History often echoes itself. In the 13th–15th centuries, Russian knyazes traveled to Karakorum and later to Sarai to bow before the Khans of the Mongol Empire and the Golden Horde. These humiliating visits, staged with pomp and ceremony, were about reaffirming vassalage and receiving the «yarlyk», a license to rule.

Between 1242 and 1445, historical records show that 99 knyazes and three princesses made 249 such journeys. The peak came in the 1330s–1340s, under Khan Uzbek and Khan Janibek, when even executions of Russian rulers by Khan’s decree were not uncommon.

Centuries later, history replayed itself in Anchorage. Donald Trump assumed the role of the Khan, while Vladimir Putin played the Knyaz.

For Putin, the meeting delivered exactly what medieval knyazes once sought: legitimacy. He returned home with symbolic honors, the image of breaking diplomatic isolation, and, in effect, a free pass for further aggression and plunder. For his domestic audience, the signal was clear: the Knyaz has been recognized by the Khan, and now he can act with impunity.

For the international community, another message was unmistakable: if the Khan smiles and shakes the Knyaz’s hand, then sanctions, war crimes indictments, child abductions, and isolation cease to matter.

Yet while Putin left with a symbolic victory, Trump emerged with nothing. No agreements, no concessions, not even the shadow of the “deal of the century” he had once promised. His only “achievement” was the spectacle itself: look, even Putin counts on me. For any other American president, that would have been a humiliation.

Trump’s vanity underscored his weakness. His smiles and handshakes with Putin contrasted sharply with his dismissive treatment of U.S. allies who are fighting for their survival. Those resisting aggression were lectured and scolded, while the aggressor under heavy sanctions was showered with respect.

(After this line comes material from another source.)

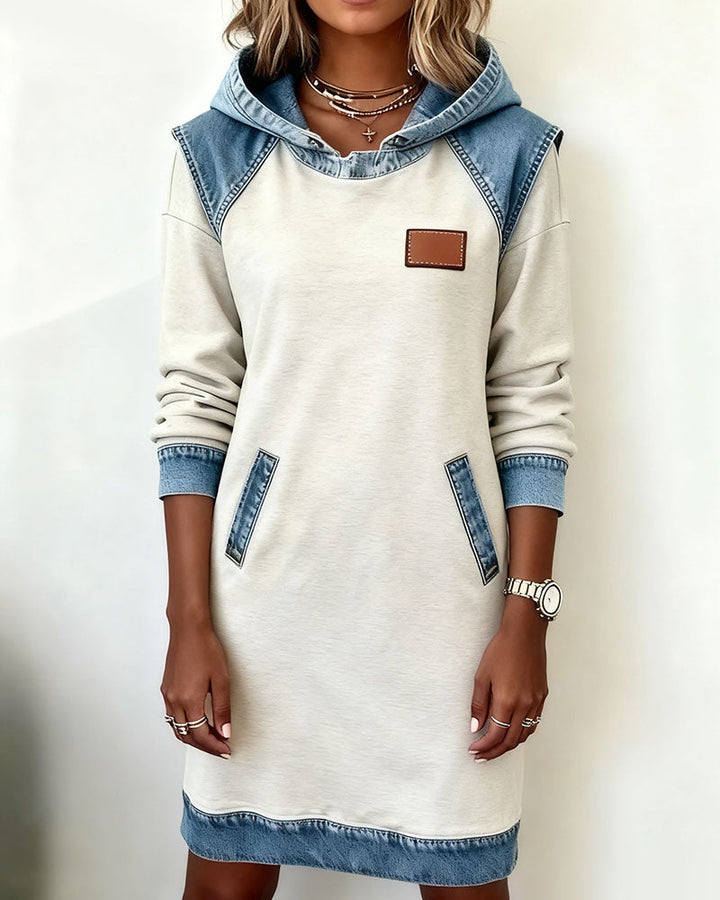 Hoodiejurk met contrasterende details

This scene laid bare a troubling truth: in Trump’s politics, there is no morality, no justice, no strategy and no recognition of the necessity of supporting Ukraine. The most dangerous lesson of Anchorage is that, for Trump, Ukraine simply does not matter.

What the world saw was not diplomacy, but a stage-managed PR performance. Putin returned from Alaska with a symbolic victory, while Trump will be remembered as the Khan who handed his Knyaz a license for more war, plunder, and terror.

Democracy is dead. And even the Nobel Prize has slipped away.